Laut Kremlsprecher Dmitri Peskow strich Wladimir Putin wegen der Ereignisse in Brjansk einen Besuch im südrussischen Stawropol und nahm im Kreml Lageberichte entgegen. Der Staatschef bezeichnete den ukrainischen Vorstoß bei einer Videokonferenz als „Terrorakt“. Die Eindringlinge hätten jenen PKW unter Feuer genommen, „obwohl sie sahen, dass darin Zivilisten und Kinder saßen“.
Der ukrainische Präsidentenberater Michailo Podoljak tat die Episode aber via Twitter ab als „eine klassische Provokation“ über eine ukrainische Diversionsgruppe („Diversant“ ist ein osteuropäisches Polit-Synonym für „Saboteur“, Anm.d.Red.) in Russland. „Der russische Staat will seinem Volk Angst machen, um den Angriff auf ein anderes Land und die wachsende Armut nach einem Jahr Krieg zu rechtfertigen.“ Podoljak fügte aber auch an, die „Partisanenbewegung in Russland“ gegen das Putin-Regime werde „immer stärker und aggressiver“.
Explosionen in Reihe
Der russische Militärblogger Alexander Koz schrieb auf Telegram über einen „politischen Akt“, um die friedliche Bevölkerung Russlands in Schrecken zu versetzen und ihren Glauben an die Führung des Landes zu untergraben. Wie nach dem Blutbad im nordossetischen Beslan – dort kamen 2004 bei einer Geiselnahme in einer Mittelschule durch tschetschenische Terroristen 333 Menschen um – sei nun „eine grausame Antwort“ nötig. „Auch die Verwandten der Terroristen müssen kollektiv zu Verantwortung gezogen werden.“ Tschetschenen-Chef und Putin-Verbündeter Ramsan Kadyrow forderte das Kriegsrecht in mehreren russischen Regionen.
Seit Tagen sorgen mutmaßliche Drohnenangriffe und ungeklärte Unfälle in Russland für Unruhe.
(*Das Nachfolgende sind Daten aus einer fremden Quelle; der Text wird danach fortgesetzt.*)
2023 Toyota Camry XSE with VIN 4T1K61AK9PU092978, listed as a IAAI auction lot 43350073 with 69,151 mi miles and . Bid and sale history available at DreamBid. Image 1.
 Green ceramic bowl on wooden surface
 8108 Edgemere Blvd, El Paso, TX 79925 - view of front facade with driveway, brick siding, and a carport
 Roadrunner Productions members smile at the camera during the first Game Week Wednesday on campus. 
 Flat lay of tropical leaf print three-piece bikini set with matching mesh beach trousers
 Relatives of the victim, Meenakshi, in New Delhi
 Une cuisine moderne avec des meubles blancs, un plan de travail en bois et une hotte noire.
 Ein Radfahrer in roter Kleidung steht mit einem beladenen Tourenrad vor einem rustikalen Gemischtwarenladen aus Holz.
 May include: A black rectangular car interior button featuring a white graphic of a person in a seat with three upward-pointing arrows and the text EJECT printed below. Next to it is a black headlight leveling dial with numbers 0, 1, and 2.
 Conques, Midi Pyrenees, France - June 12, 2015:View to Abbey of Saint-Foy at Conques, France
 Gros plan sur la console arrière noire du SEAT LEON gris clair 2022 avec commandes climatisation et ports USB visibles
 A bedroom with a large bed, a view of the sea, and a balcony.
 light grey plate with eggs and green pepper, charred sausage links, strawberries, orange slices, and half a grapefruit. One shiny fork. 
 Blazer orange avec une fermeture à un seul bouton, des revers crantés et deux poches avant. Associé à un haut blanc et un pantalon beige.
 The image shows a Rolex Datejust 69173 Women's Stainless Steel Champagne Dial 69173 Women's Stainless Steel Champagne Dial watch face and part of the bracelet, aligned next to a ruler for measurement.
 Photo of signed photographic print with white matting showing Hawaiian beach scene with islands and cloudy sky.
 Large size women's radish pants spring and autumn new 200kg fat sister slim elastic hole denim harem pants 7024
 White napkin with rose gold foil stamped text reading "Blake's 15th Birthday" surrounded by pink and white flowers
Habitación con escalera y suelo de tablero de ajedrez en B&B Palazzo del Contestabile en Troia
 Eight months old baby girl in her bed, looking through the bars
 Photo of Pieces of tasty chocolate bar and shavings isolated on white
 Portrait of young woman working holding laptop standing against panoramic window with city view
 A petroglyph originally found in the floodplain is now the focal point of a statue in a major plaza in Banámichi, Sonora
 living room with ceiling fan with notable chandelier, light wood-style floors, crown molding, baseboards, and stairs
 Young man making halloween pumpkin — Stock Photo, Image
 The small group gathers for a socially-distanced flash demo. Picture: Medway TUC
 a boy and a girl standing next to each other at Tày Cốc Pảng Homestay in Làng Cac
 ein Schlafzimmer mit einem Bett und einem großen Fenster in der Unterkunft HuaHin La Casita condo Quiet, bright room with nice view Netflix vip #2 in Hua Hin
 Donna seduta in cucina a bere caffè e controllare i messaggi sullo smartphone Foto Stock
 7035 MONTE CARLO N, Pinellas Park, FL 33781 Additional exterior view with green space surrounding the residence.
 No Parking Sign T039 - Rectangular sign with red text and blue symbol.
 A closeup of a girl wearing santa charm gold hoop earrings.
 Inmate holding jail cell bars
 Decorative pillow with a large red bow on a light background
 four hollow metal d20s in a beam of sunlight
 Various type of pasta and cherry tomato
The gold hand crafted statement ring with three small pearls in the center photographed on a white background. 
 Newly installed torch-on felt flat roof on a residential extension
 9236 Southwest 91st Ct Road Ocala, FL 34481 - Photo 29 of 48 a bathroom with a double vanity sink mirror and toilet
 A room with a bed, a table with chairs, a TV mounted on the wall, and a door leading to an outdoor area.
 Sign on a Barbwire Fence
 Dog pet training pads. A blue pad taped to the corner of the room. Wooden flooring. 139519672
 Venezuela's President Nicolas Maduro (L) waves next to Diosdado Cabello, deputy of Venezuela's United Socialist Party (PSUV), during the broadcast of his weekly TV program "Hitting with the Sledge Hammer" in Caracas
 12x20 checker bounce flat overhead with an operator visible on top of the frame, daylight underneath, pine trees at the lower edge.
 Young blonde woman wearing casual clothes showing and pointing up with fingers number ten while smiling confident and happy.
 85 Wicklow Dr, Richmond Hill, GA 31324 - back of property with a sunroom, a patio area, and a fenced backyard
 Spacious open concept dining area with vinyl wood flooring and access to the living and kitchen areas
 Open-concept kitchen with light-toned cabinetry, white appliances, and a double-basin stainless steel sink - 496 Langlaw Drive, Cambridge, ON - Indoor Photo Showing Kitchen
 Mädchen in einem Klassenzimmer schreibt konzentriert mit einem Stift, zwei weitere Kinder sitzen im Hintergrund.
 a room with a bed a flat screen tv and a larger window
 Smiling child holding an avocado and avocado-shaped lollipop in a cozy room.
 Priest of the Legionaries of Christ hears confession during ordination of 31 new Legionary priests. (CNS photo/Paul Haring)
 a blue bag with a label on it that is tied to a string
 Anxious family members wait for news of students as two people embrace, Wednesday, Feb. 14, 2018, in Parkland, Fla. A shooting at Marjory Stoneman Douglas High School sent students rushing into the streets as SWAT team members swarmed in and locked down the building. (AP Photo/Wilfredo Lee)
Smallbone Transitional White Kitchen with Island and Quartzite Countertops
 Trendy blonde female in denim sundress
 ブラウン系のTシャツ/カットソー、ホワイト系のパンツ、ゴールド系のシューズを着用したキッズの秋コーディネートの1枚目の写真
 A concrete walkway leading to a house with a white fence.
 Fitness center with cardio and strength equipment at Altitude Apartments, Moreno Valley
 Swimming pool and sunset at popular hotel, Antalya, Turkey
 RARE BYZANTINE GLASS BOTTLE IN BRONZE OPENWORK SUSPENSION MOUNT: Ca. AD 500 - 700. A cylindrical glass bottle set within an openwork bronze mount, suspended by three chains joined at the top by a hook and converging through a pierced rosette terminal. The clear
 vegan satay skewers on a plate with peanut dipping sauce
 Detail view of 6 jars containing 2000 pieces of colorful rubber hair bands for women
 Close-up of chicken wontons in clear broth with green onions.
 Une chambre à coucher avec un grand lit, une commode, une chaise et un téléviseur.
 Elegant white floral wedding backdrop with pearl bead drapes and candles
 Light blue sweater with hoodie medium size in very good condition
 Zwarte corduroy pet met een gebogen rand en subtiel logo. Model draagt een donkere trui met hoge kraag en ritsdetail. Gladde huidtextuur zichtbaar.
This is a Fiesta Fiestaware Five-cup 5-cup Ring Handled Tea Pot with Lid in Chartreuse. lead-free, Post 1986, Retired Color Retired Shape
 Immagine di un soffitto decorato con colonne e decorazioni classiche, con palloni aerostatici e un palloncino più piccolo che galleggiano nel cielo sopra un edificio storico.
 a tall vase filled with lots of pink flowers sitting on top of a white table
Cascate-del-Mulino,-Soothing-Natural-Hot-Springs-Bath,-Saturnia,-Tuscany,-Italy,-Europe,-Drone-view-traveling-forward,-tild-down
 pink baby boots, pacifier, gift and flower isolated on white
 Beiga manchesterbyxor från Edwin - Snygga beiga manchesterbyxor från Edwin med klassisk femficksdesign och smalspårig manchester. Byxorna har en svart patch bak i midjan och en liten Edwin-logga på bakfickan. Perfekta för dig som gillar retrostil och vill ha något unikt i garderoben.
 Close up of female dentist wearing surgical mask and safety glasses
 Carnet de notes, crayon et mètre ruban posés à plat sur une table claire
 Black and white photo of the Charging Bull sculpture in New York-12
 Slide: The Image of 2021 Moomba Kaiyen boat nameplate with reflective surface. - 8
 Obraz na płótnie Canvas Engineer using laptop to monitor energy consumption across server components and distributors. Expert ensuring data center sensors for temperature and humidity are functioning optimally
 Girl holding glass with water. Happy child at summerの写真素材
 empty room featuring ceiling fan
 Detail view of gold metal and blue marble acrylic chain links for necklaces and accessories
Auch am Donnerstag gab es bei einem Dorf in der Region Tula südlich von Moskau eine heftige Explosion, die Ortschaft Tjotkino in der Grenzregion Kursk geriet unter Artilleriefeuer, in Uljanowsk an der Wolga kam bei einer Explosion in einer Flugzeugfabrik ein Mensch ums Leben. In den Vortagen stürzten Drohnen bei Kolomna nahe Moskau zu Boden, auch in Belgorod und der Kaukasusrepublik Adygeja. Auf dem südrussischen Flughafen Jejsk brach nach Detonationen ein Feuer aus, ein Öllager in Tuapse geriet in Brand, der St. Petersburger Flughafen musste wegen eines unbekannten Flugobjekts für einen halben Tag seinen Betrieb einstellen.
Aber der Politologe Juri Korgonjuk glaubt nicht, dass die Mehrheit des russischen Volkes sich bisher ernsthaft gefährdet fühlt. „Und wer doch Angst hat, der wird zuerst einmal hoffen, dass Wladimir Putin ihn beschützt.“ Laut Kremlsprecher Peskow ist für diesen Freitag eine Sitzung des Nationalen Sicherheitsrates geplant.